> **Required action**
The line containing "Bridge Mars Space", plus every line that follows it to the end of the listing below, is what you transcribe exactly; omit all pictures.

> **Provided data**
━━━━━━━━━━━━━━━━━━━━━━━━━━━━━━

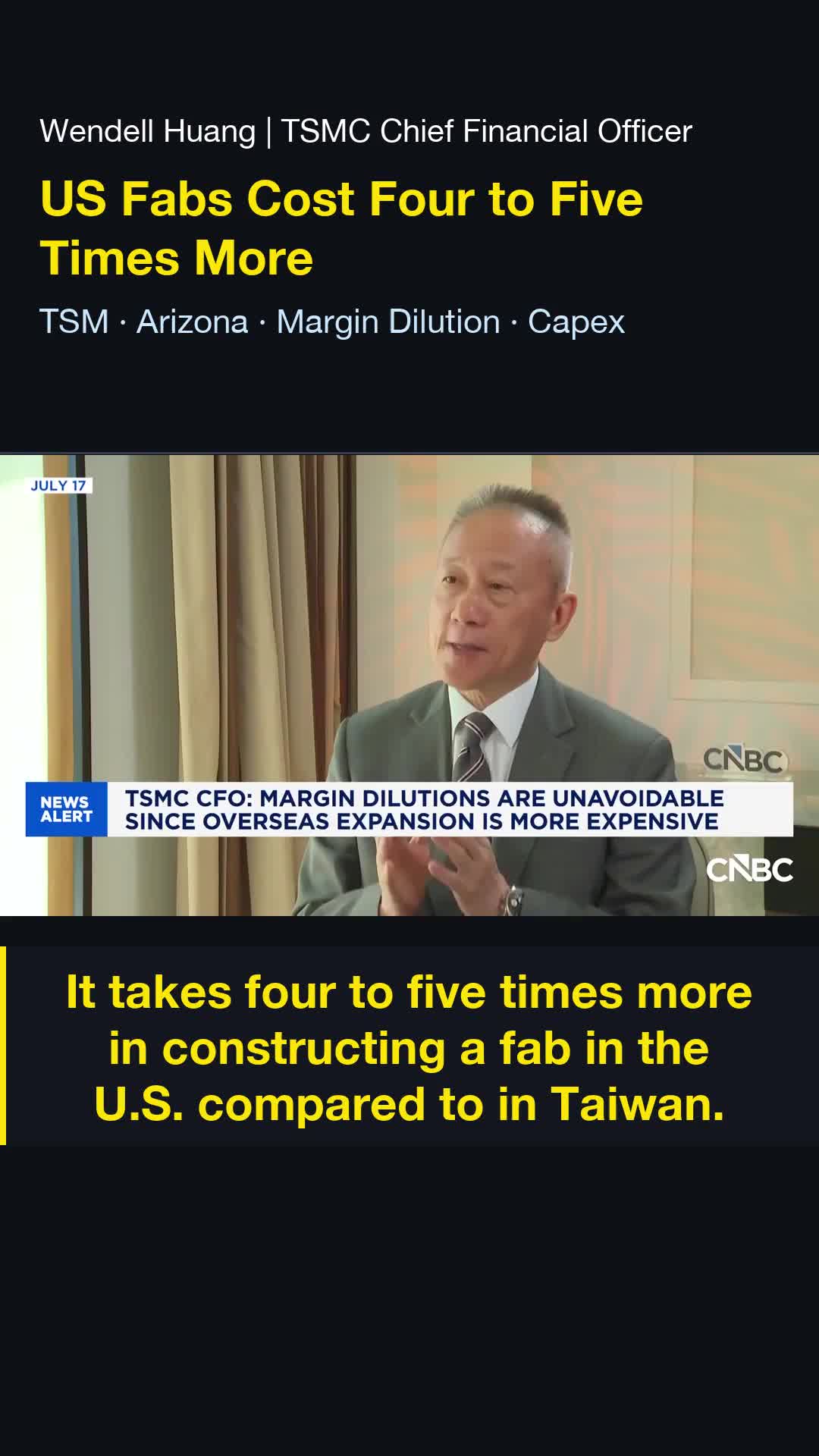 TSMC's US Expansion — What Higher Fab Costs Mean for the Chip Chain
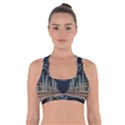 Bridge Mars Space Planet Cross Back Sports Bra View1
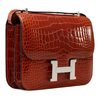 Hermès Constance 18 Cuivre Lisse Crocodile Alligator GHW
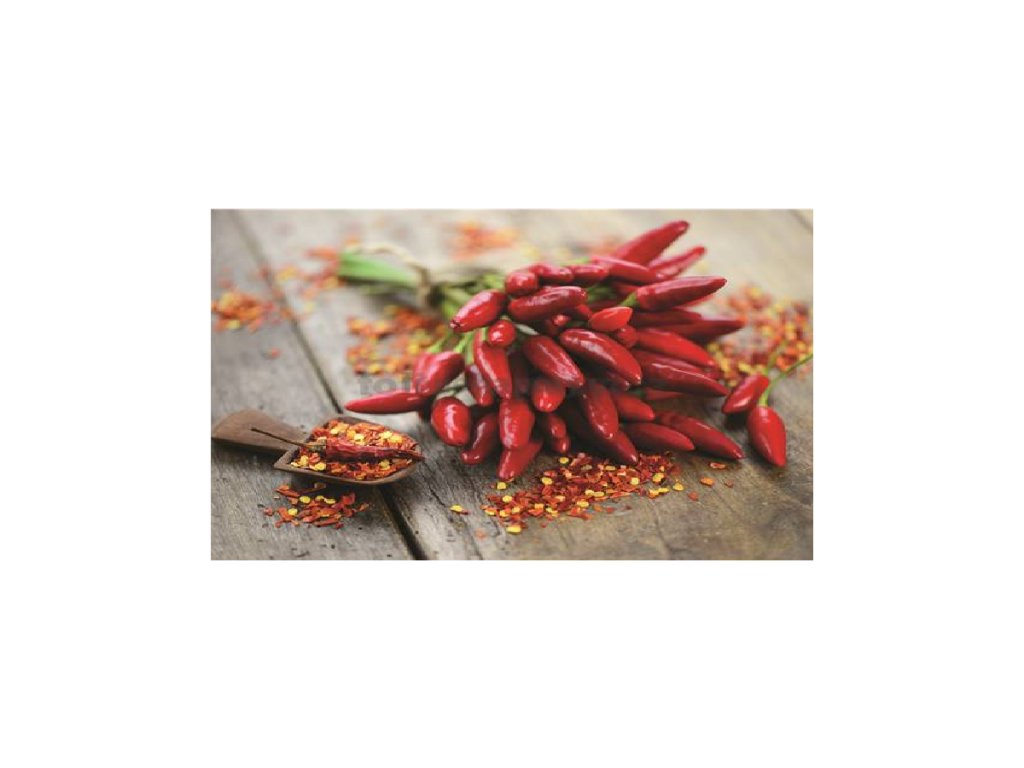 Samolepící dekorace za sporák nehořlavá - Chilli papričky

━━━━━━━━━━━━━━━━━━━━━━━━━━━━━━

> **Response to the exercise**
 Bridge Mars Space Planet Cross Back Sports Bra View1
 Hermès Constance 18 Cuivre Lisse Crocodile Alligator GHW
 Samolepící dekorace za sporák nehořlavá - Chilli papričky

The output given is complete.